Reliance Industries’ shares swung between gains and losses on Tuesday, a day after the oil-to-telecom conglomerate said it will consider a rights issue – its first in almost 30 years – this week. In a filing late on Monday, the company said its board will consider the rights issue at its meeting on Thursday, April 30. Analysts say the move appears to be another attempt to bring down its debt. The company did not specify any reasons behind the plan, which is subject to regulatory approvals.
After a positive start on Tuesday, the Reliance Industries shares changed direction at least twice, trading between Rs 1,391.95 and Rs 1,454.75 on the BSE compared to its previous close of Rs 1,430.30.
At 1:27 pm, RIL shares traded up 0.54 per cent at Rs 1,438.05 apiece on the bourse, underperforming the benchmark S&P BSE Sensex index which was up 0.91 per cent amid choppy trade.

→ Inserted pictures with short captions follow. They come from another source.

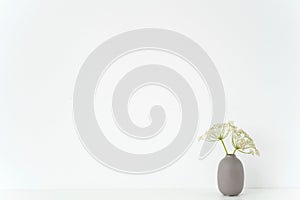 Minimal indoor interior. Gray vase with wild host bouquet on table on white background. Cute soft home decor. Mockup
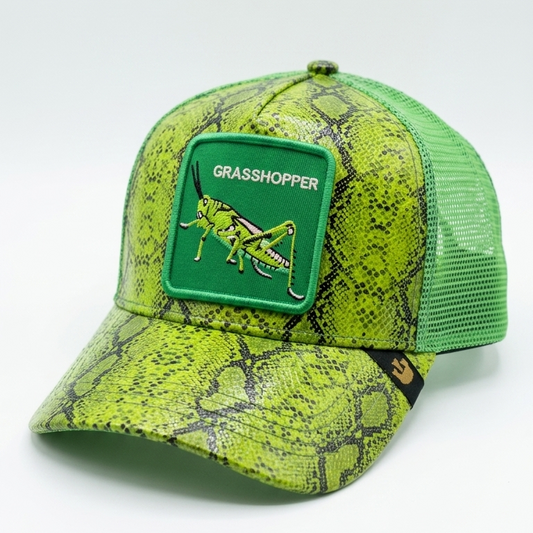 Grasshopper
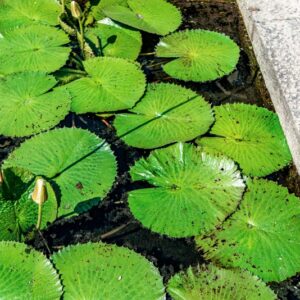 NYMPHEA LOTUS, L, NYMPHAEACEAE, AFRICA - 1482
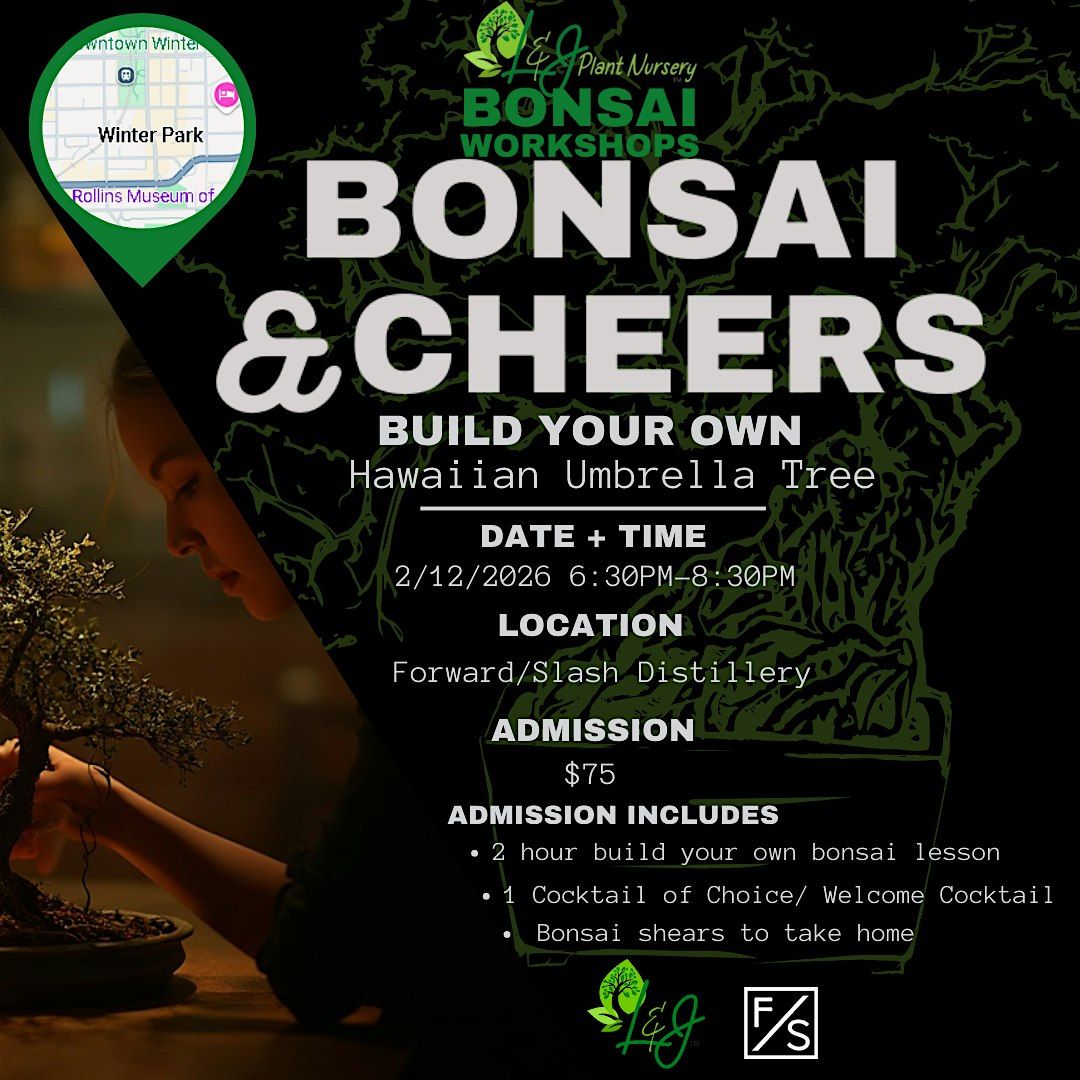 Bonsai & Cheers -Forward\/Slash - L&J Nursery - Umbrella Tree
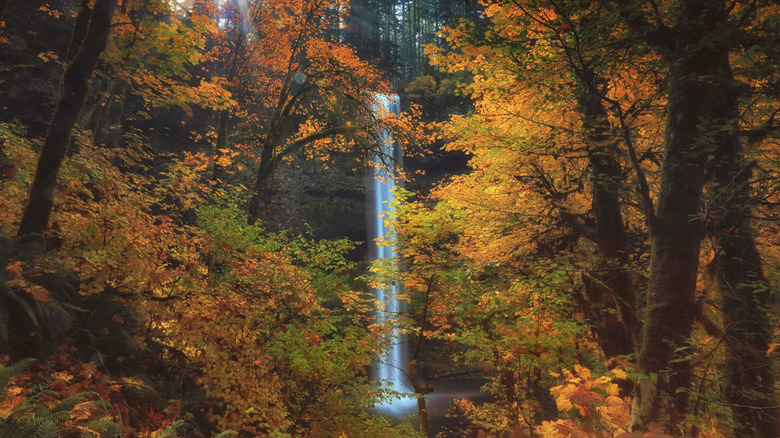 waterfall in Silver Falls State Park Oregon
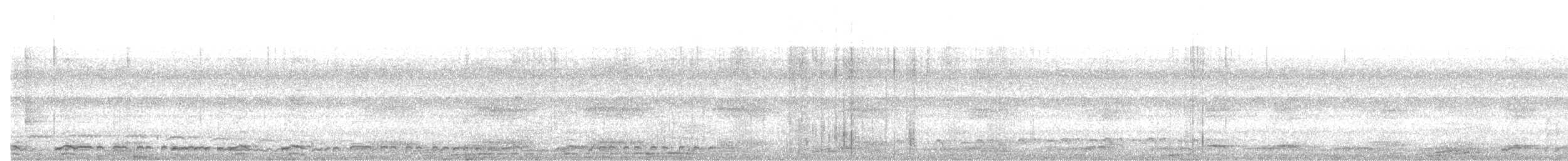 白腹秧雞 - ML530828571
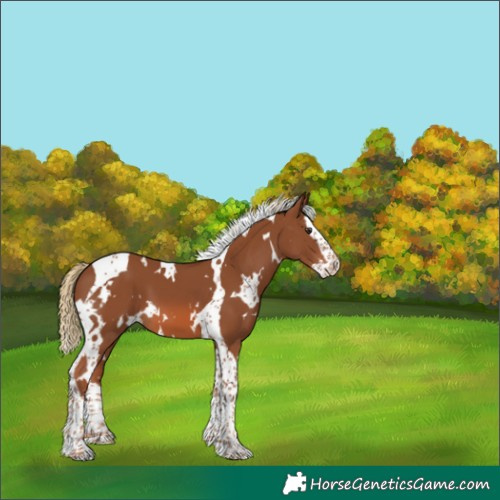 Horse Color:White Spotted Chestnut Splash Tobiano 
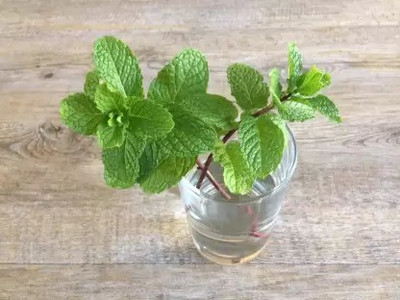 Aro Mint, Pudina Seed(150 per packet)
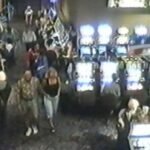 chandler sisco harkness casino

“Reliance‘s rights issue is a surprise, considering that they are getting equity infusion from Facebook,” news agency Reuters quoted Naveen Kulkarni, chief investment officer at Axis Securities, as saying in a report.
“There will be some dilution because of the issue, but it is difficult to gauge at this point in time how much the stock will fall because the quantum is not known,” he added.
Other analysts however said that in the long term, the company, by reducing its debt, will inspire more confidence in stakeholders.
“It reflects promoter’s unflinching faith in the medium to long term prospects of various businesses,”Ajay Bodke, chief executive at Prabhudas Lilladher, told Reuters.
Last year, Reliance Industries chairman Mukesh Ambani – Asia’s richest man – unveiled plans to make his group free of net debt by early 2021.
The company will also consider its earnings for the quarter ended March 31 and a dividend on April 30.